The owner of the lot would be responsible for
maintaining the airconditioning equipment.
2 A hot-water system is
installed on the common property, but supplies water only to a particular lot.
The owner of the lot would
be responsible for maintaining the hot-water system
and the associated pipes and wiring.
(c) the owner of the lot is responsible for maintaining the tray of a
shower that services the lot, whether or not the tray forms
part of the
lot.
(4) To avoid doubt, it is declared that, despite an obligation
the body corporate may have under subsection (2) to maintain a part
of a lot in
good condition or in a structurally sound condition, the body corporate may
recover the prescribed costs, as a debt,
from a person (whether or not the owner
of the lot) whose actions cause or contribute to damage or deterioration of the
part of the
lot.
(5) In this section--
prescribed costs
means the proportion of the reasonable cost to the body corporate of
carrying out the maintenance that can, in the body corporate’s
reasonable
opinion, be fairly attributed to the person’s actions.
The
roofing membrane is not common property. It is within the Applicants’ lot
as has been pointed out, but it is a roofing membrane
that provides protection
to lots, ultimately to all lots, as submitters Mr and Mrs Toomey point out, and
comes squarely within section 109(2)(a)(iii) Standard Module.
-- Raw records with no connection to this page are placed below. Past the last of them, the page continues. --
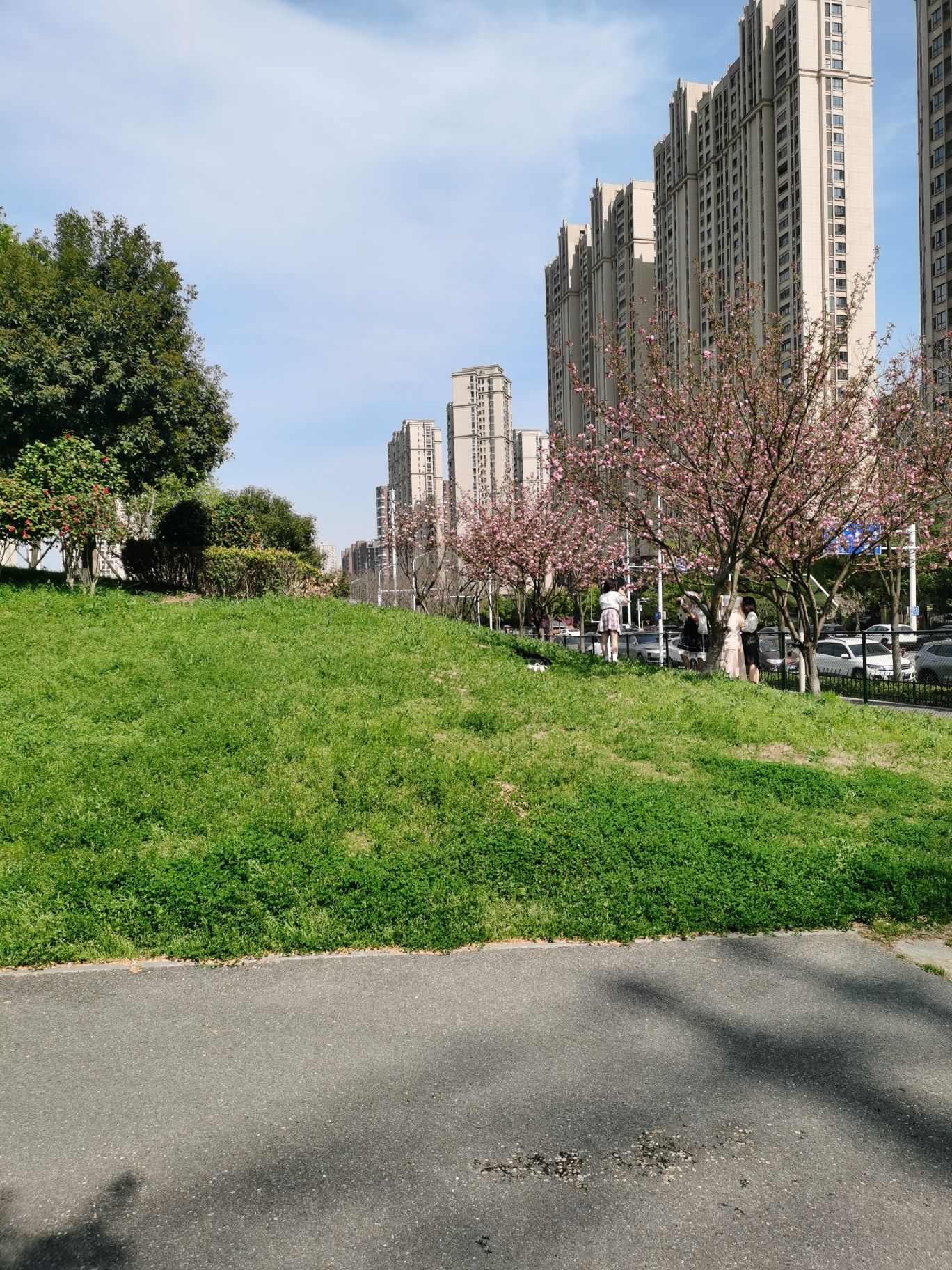 后湖公园旅行图片 1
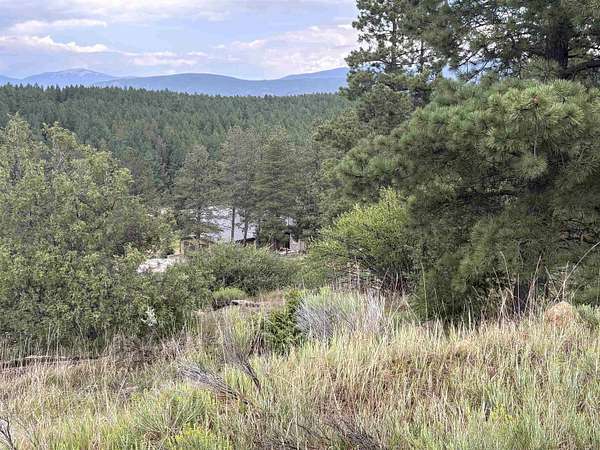 0.77 Acres of Residential Land for Sale in Angel Fire, New Mexico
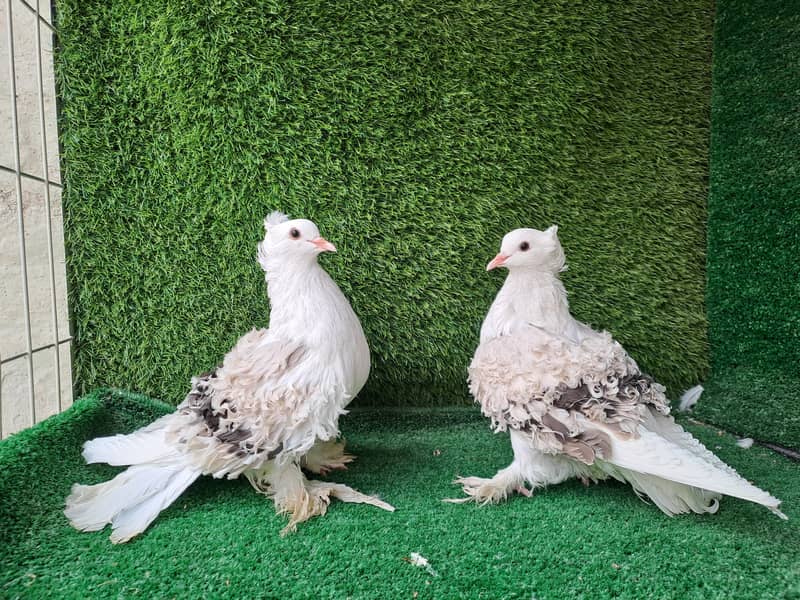 Supreme Quality Frillback breeding pair Pigeons/ kabooter 19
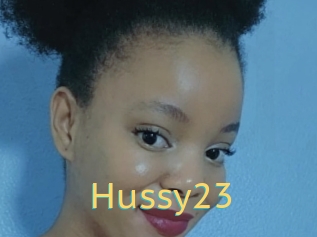 Hussy23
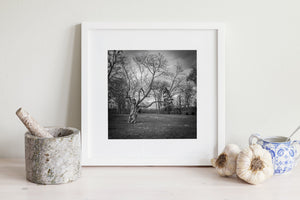 Monochrome französische Landschaft mit einem knorrigen Baum und kahlem Wald in der Ferne
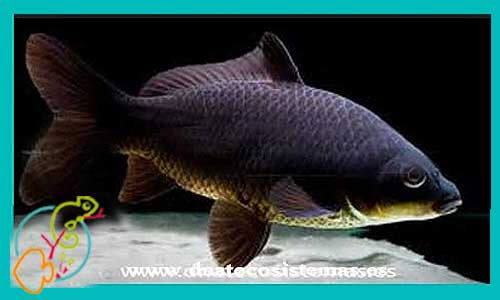 oferta-cometa-negro-5-7cm-sel-tienda-online-peces-venta-de-peces-compra-de-peces-online-peces-baratos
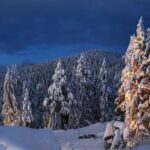 Winter Fun at North Shore Mountains- Grouse, Seymour & Cypress - Starting Point at Canada Place for a Scenic Drive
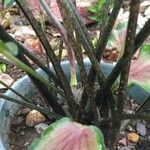 Caladium bicolor अन्य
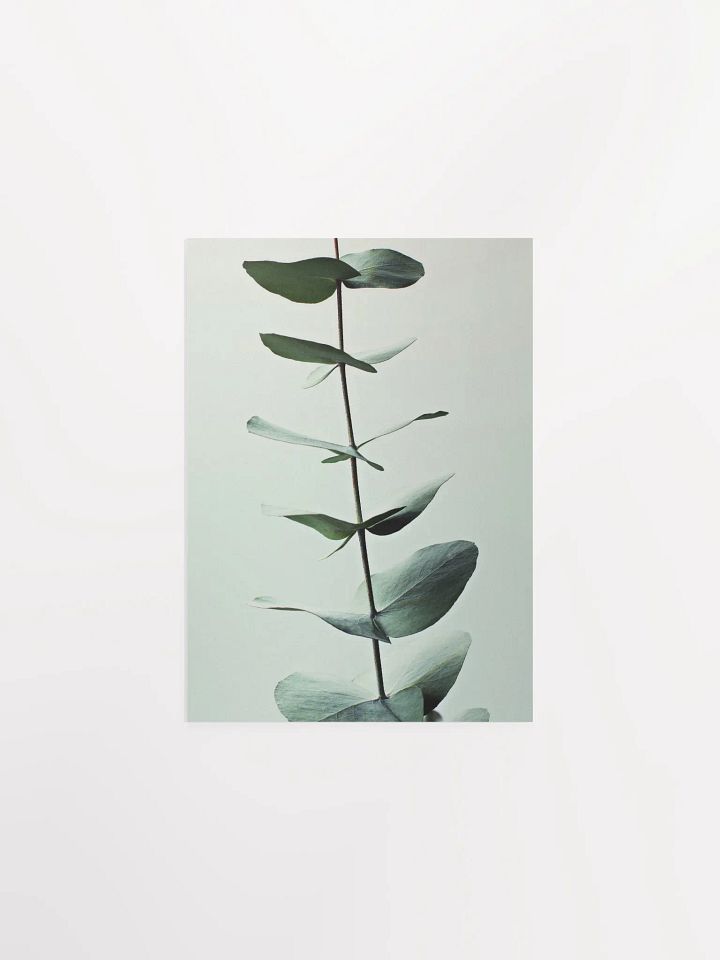 Eucalyptus Whispers Matte Poster product image (4)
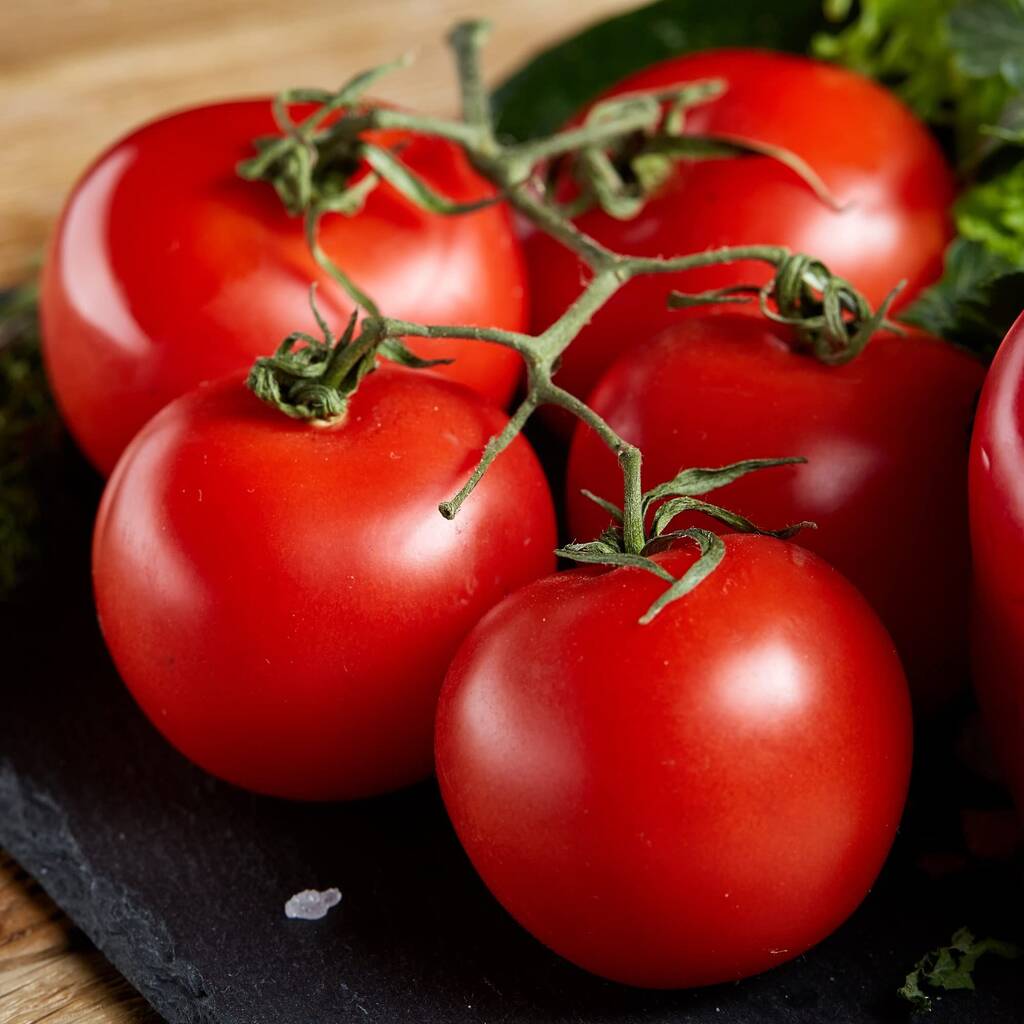 Tomato Plants Gardener S Delight Six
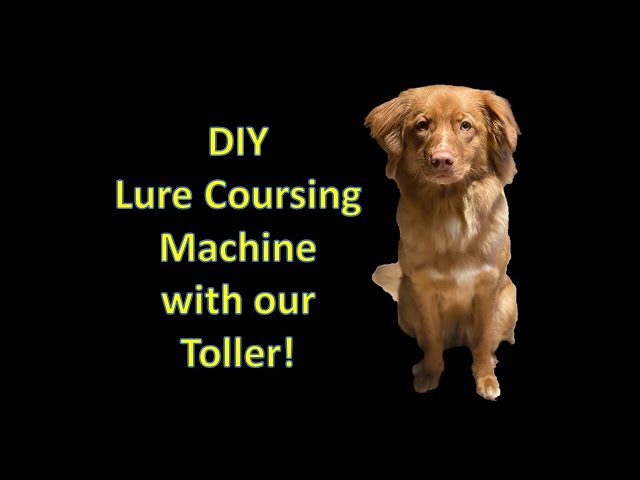 Lure Coursing Dog Machine - DIY - Nova Scotia Duck Tolling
I do not think that the body corporate denies that it is responsible for the
maintenance and good condition of the membrane. This
is why the repairs in 2004
were undertaken by the body corporate. However, there is some concern as to
whether the membrane remains
the responsibility of the body corporate when it
joins seals around windows and doors within the owner’s lot, or passes
over
hobs within the owner’s lot. In my view it would be a nonsence if
the body corporate was not responsible for the correct
joining of the membrane
to such point in the interior of a lot where sufficient protection is provided
to lots or common property.
The fact that water comes through a roofing
membrane, at whatever point, so that lots receive ingress of water, will always
be
the responsibility of the body corporate ( in a building format plan) barring
damage by another person. In that case, the body corporate
must still repair the
damage, but may recover costs from the person who has caused the damage.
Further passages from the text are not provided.